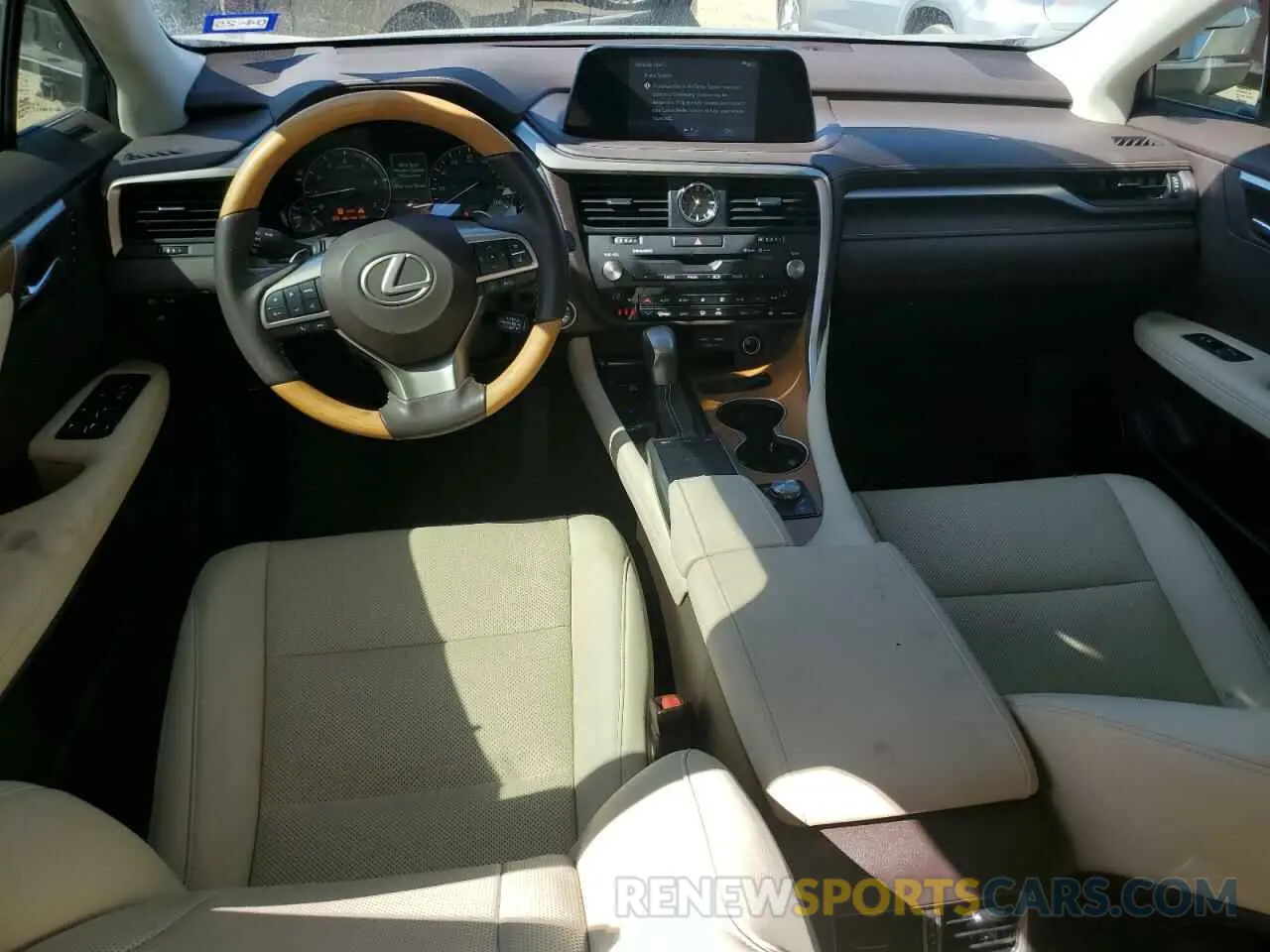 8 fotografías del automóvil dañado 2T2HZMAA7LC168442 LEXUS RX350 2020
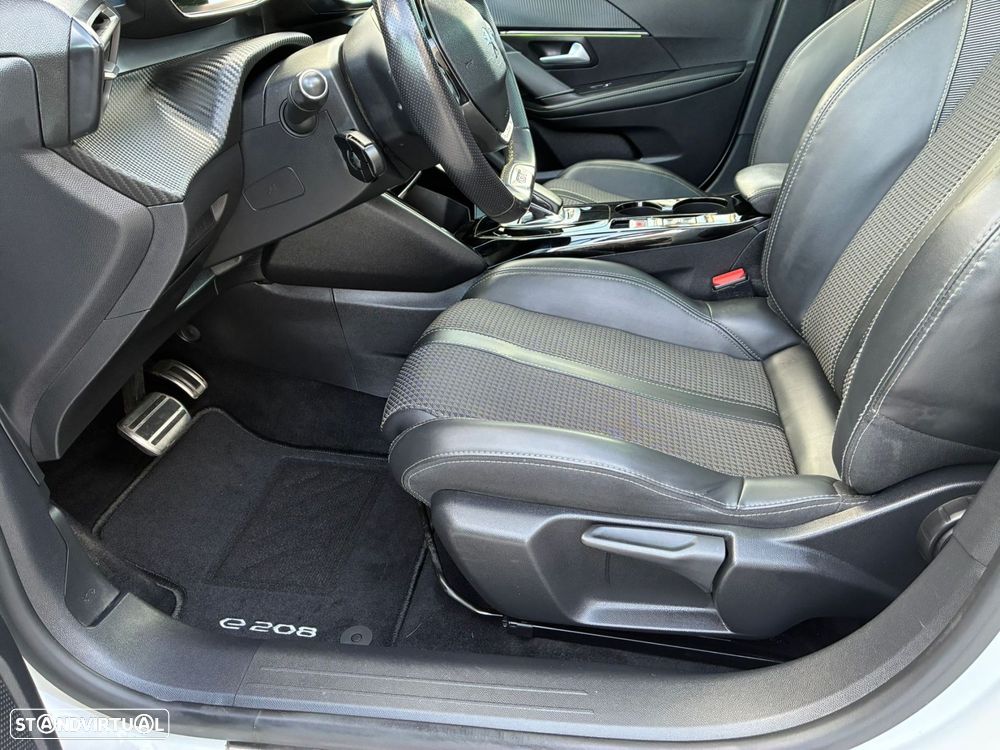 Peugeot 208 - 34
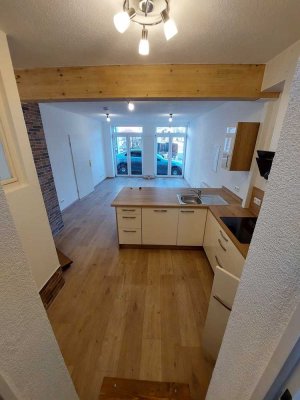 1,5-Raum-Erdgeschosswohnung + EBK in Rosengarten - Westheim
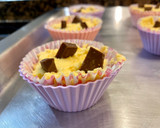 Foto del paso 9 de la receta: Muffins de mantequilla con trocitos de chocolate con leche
* * *
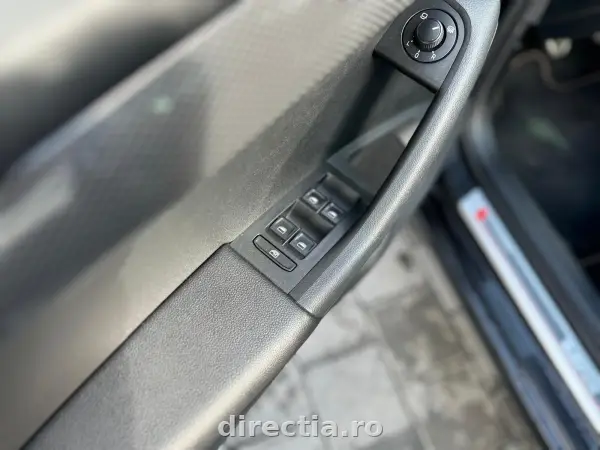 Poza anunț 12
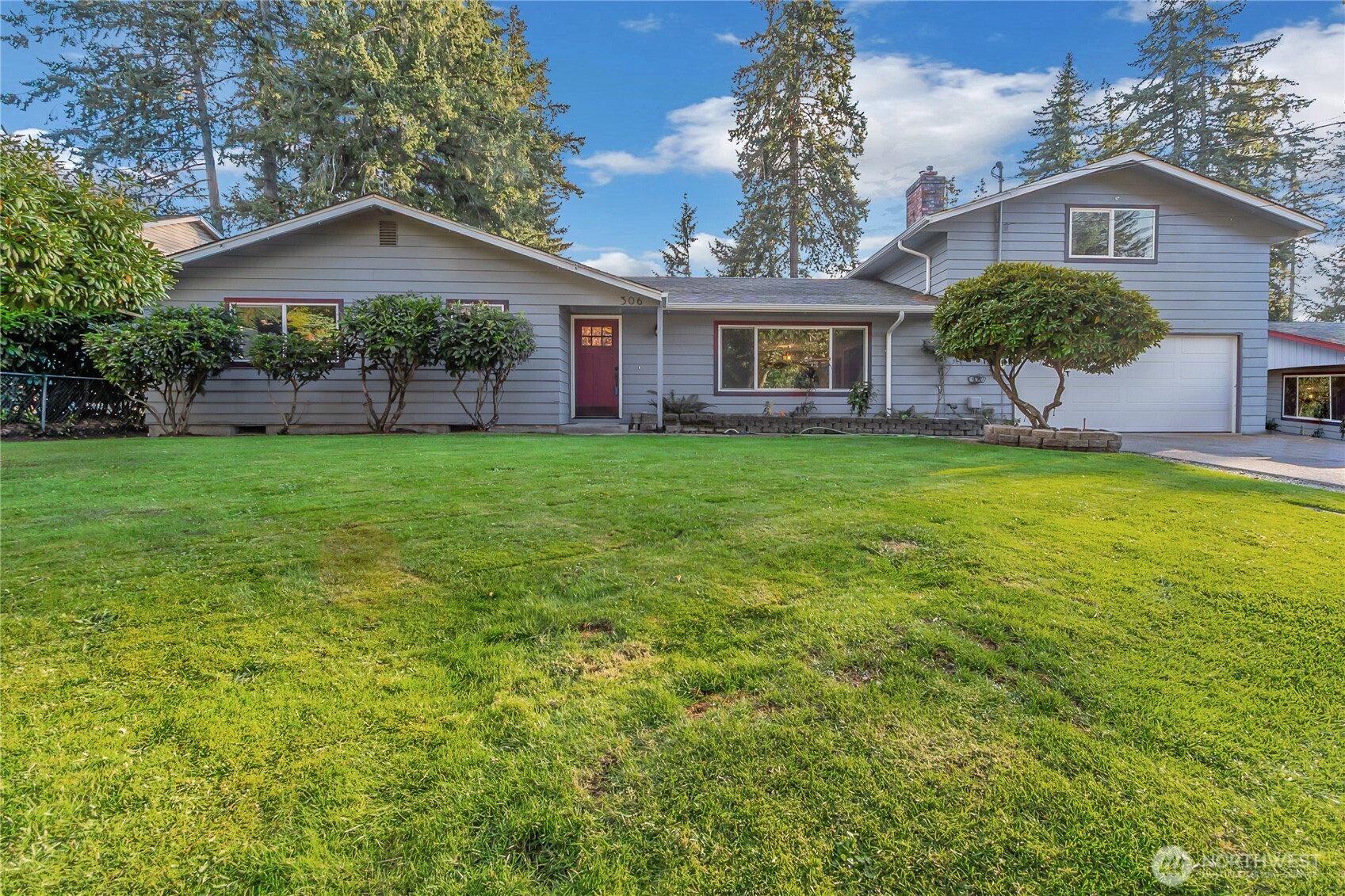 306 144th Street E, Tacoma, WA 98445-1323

YOUR INSTRUCTIONS:
Could you write out exactly the lines of the data above that run from the one holding "1,5-Raum-Erdgeschosswohnung + EBK" to the one holding "Foto del paso", with both ends in and all pictures out?

SOLUTION TO THE EXERCISE:
 1,5-Raum-Erdgeschosswohnung + EBK in Rosengarten - Westheim
 Foto del paso 9 de la receta: Muffins de mantequilla con trocitos de chocolate con leche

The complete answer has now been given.